WHAT TO PRODUCE - Starting at the line that contains "Lumbarda Apartment |", return each line exactly as written until the listing below ends, and return no other line.
*** Begin section ***
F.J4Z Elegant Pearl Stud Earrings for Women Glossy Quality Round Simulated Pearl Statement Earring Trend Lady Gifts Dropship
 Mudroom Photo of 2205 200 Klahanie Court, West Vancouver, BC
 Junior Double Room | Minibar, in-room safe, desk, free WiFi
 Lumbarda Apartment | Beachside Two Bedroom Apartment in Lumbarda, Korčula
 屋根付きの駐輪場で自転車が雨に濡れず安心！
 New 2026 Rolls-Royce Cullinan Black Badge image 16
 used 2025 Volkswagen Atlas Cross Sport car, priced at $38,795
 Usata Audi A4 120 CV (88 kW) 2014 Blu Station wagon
*** End section ***
SOLUTION -
 Lumbarda Apartment | Beachside Two Bedroom Apartment in Lumbarda, Korčula
 屋根付きの駐輪場で自転車が雨に濡れず安心！
 New 2026 Rolls-Royce Cullinan Black Badge image 16
 used 2025 Volkswagen Atlas Cross Sport car, priced at $38,795
 Usata Audi A4 120 CV (88 kW) 2014 Blu Station wagon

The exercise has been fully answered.